Question

Prove that the points (-3, 0), (1, -3) and (4, 1) are the vertices of a right angled isosceles triangle.

Answer 1

Hint: We will first name the points A, B and C and then find lengths of AB, BC and CA. We will observe that two of them are equal and thus, it is an isosceles triangle if it is a triangle. Now, for the right angled triangle, we will show that it follows Pythagorean Theorem and thus is right angled.

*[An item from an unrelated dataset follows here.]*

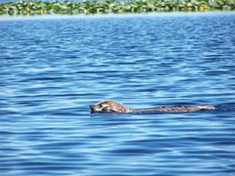 Badger spirit takes to the water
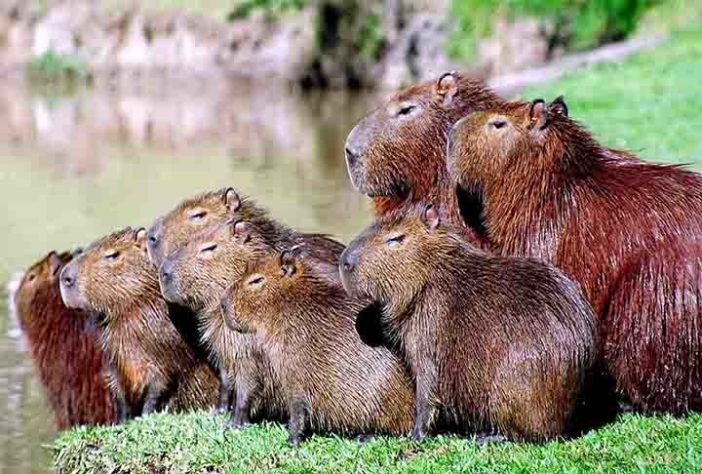 Capivara - Flickr Paula DA SILVA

Complete step-by-step answer:
Let A = (-3, 0), B = (1, -3) and C = (4, 1) be the points given to us.
Now, we know that the distance between two points $({x_1},{y_1})$ and $({x_2},{y_2})$ is given by:
$d = \sqrt {{{({x_2} - {x_1})}^2} + {{({y_2} - {y_1})}^2}} $ units
We have A = (-3, 0), B = (1, -3) and C = (4, 1) with us
So, the length of AB will be:- $AB = \sqrt {{{(1 + 3)}^2} + {{( - 3 - 0)}^2}} $ units
$ \Rightarrow AB = \sqrt {{4^2} + {3^2}} = 5$ units …………..(1)
Now, the length of BC will be:- $BC = \sqrt {{{(4 - 1)}^2} + {{(1 + 3)}^2}} $ units
$ \Rightarrow BC = \sqrt {{3^2} + {4^2}} = 5$ units …………..(2)
Now, the length of AC will be:- $AC = \sqrt {{{(4 + 3)}^2} + {{(1 - 0)}^2}} $ units
$AC = \sqrt {{7^2} + {1^2}} = \sqrt {50} $ units …………..(3)
We can clearly see that AB = BC. Hence, if ABC is a triangle, then it must be isosceles.
Let us now see if $\vartriangle ABC $ follows Pythagorean Theorem or not, if it does then it is definitely an isosceles triangle.
Pythagorean Theorem: It states that in a right angled triangle, \[{H^2} = {P^2} + {B^2}\], where H is the hypotenuse, P and B are the other two sides of triangle.
We see that \[A{C^2} = 50\] and also \[A{B^2} + B{C^2} = 25 + 25 = 50\].
Hence, \[A{B^2} + B{C^2} = A{C^2}\].
Hence, we have proved that it is a right angled isosceles triangle.

Note: The students must note that after equation (3), we wrote that if it is a triangle. We said that because we are not even sure if it is a triangle or not. They may all be a bunch of collinear points with B as the midpoint of A and C. So, when we proved that it follows Pythagorean, only then we will get to know whether it is actually a triangle or not.
To prove that these points are non collinear, you may find the area formed by these points using the formula:
$A = \left| {\begin{array}{*{20}{c}}
  {{x_1}}&{{y_1}}&1 \\
  {{x_2}}&{{y_2}}&1 \\
  {{x_3}}&{{y_3}}&1
\end{array}} \right|$ , where \[({x_1},{y_1}),({x_2},{y_2})\] and \[({x_3},{y_3})\] are the vertices of the triangle.
If the area comes out to be zero, then the points are collinear, otherwise they form a triangle.